[Data]

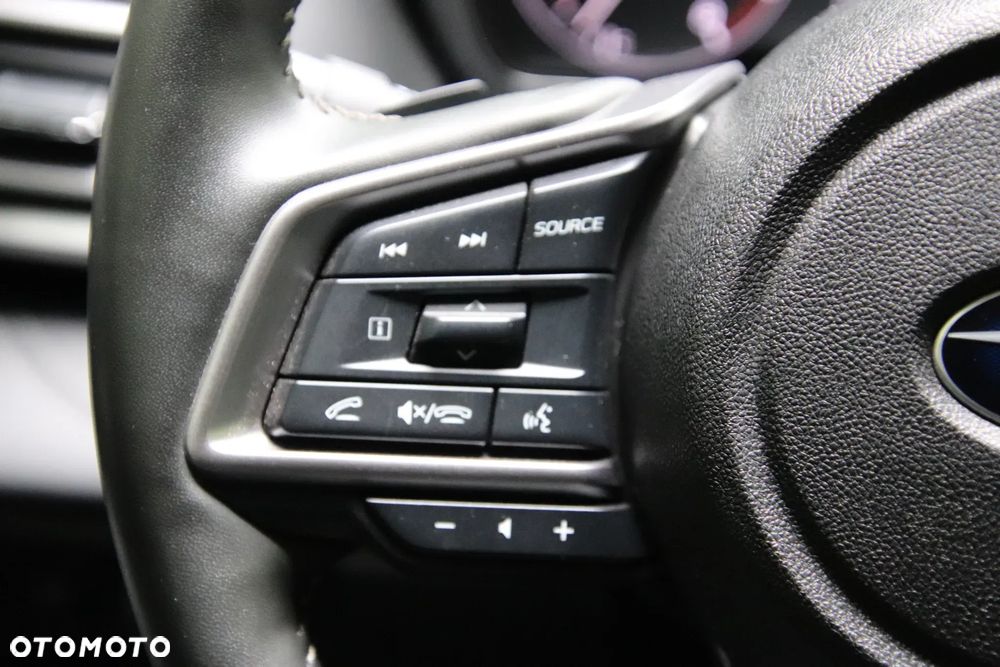 Subaru Outback 2.5i Platinum (EyeSight) Lineartronic - 21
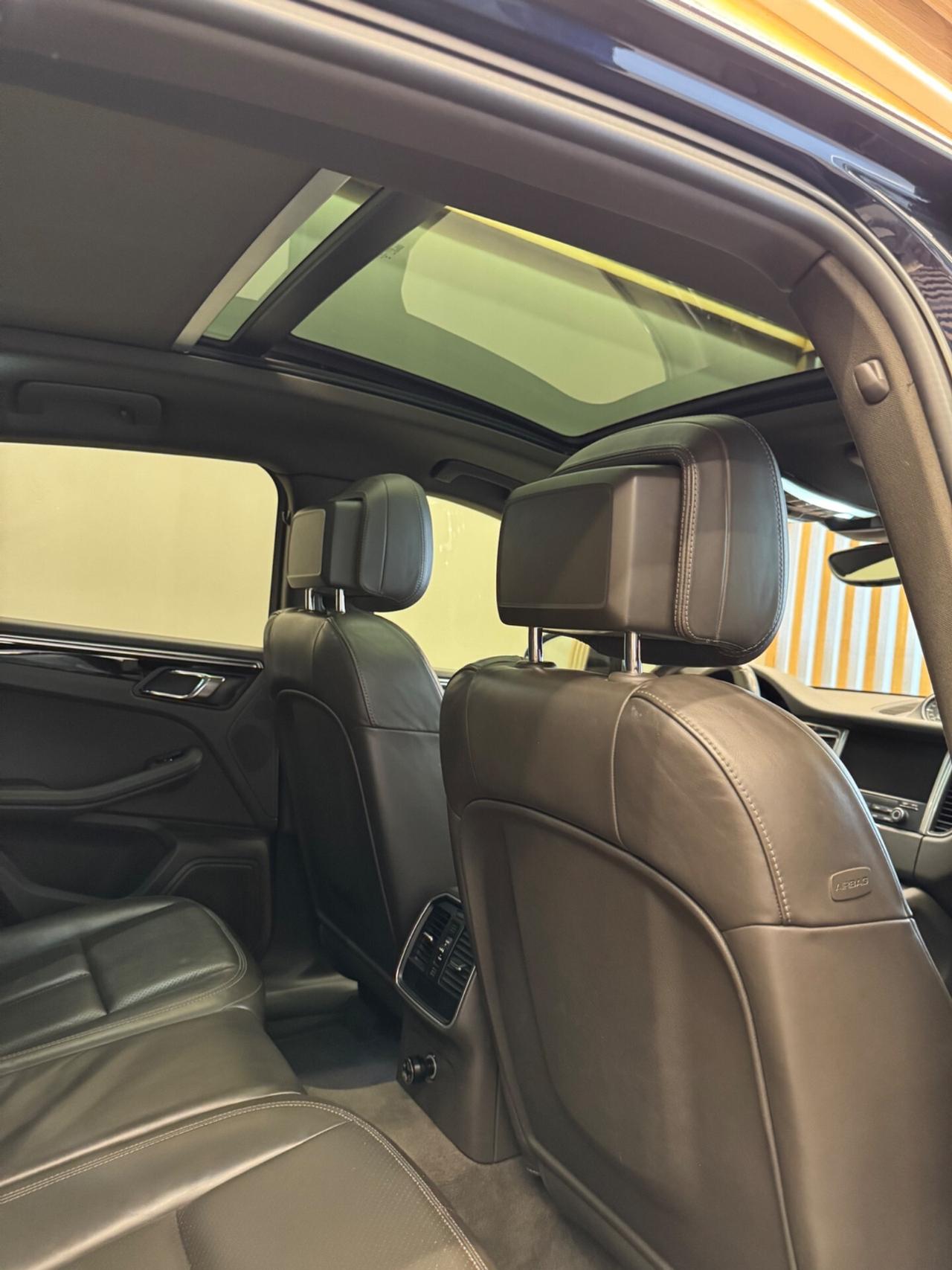 Porsche Macan 3.0 S Diesel GTS PACKAGE GARANZIA VALUTASI PERMUTE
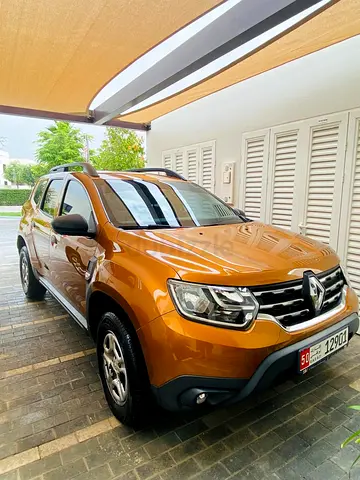 🔥 SALE: Renault Duster 2020 PE 1.6L | GCC Specs | Excellent Condition 🔥
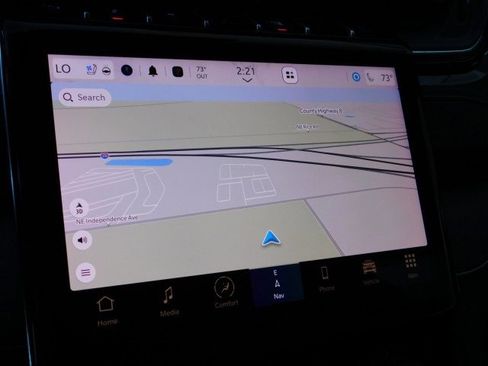 Used 2023 Jeep Grand Cherokee Overland w/ Adv Protech Group III image 23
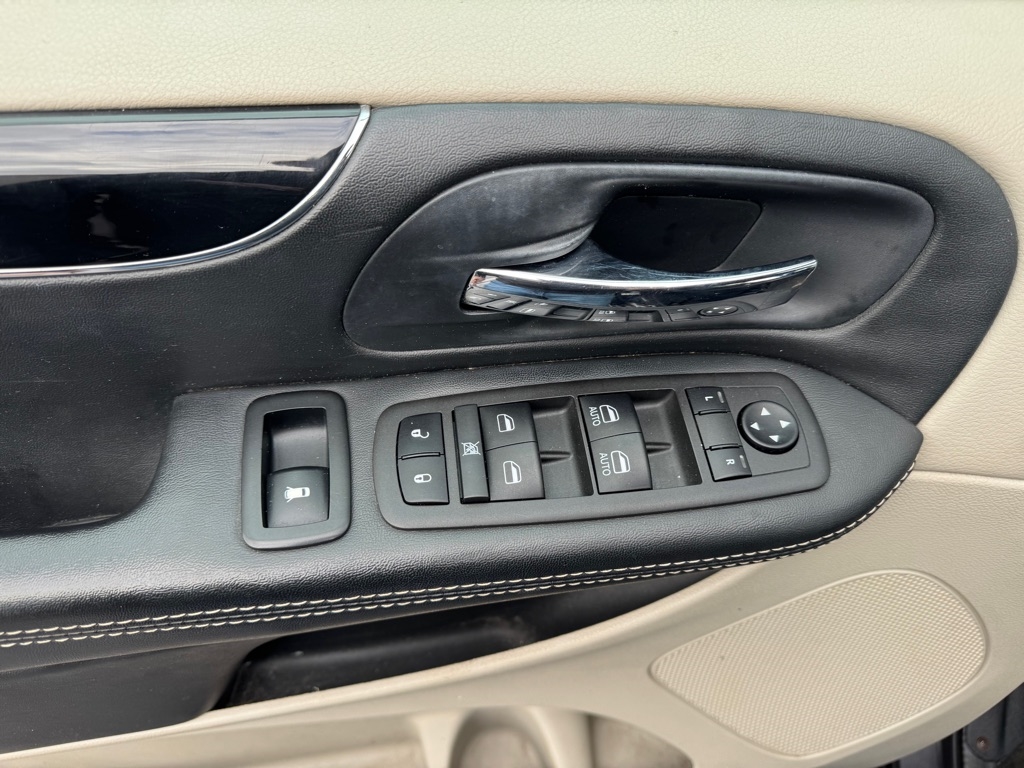 Dodge Grand Caravan SXT 2017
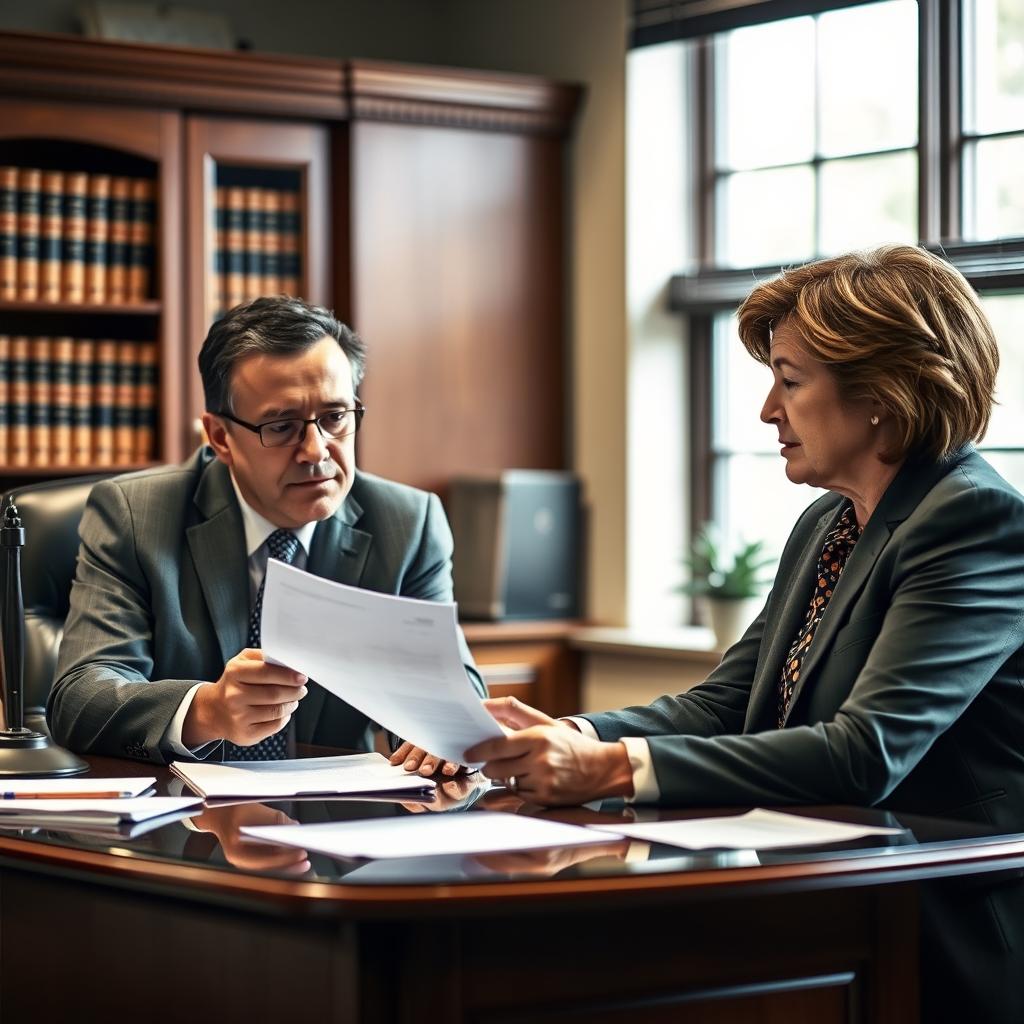 Debt Collection Lawyer Augusta County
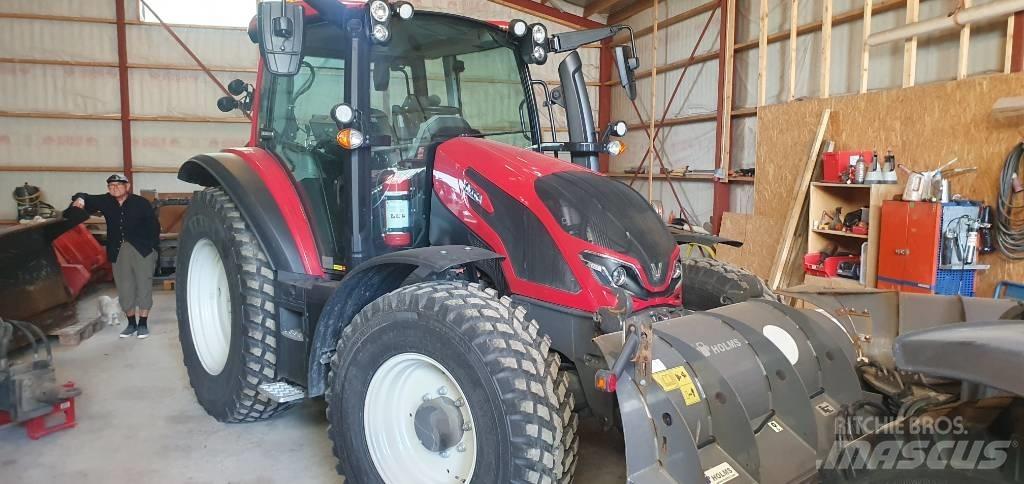 Valtra G125 Active Tratores Agrícolas usados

[/Data]

## The problem
Exactly repeat only the lines from the one with "Porsche Macan 3.0" to the closing line above, both included, and omit every picture.

## Your solution
 Porsche Macan 3.0 S Diesel GTS PACKAGE GARANZIA VALUTASI PERMUTE
 🔥 SALE: Renault Duster 2020 PE 1.6L | GCC Specs | Excellent Condition 🔥
 Used 2023 Jeep Grand Cherokee Overland w/ Adv Protech Group III image 23
 Dodge Grand Caravan SXT 2017
 Debt Collection Lawyer Augusta County
 Valtra G125 Active Tratores Agrícolas usados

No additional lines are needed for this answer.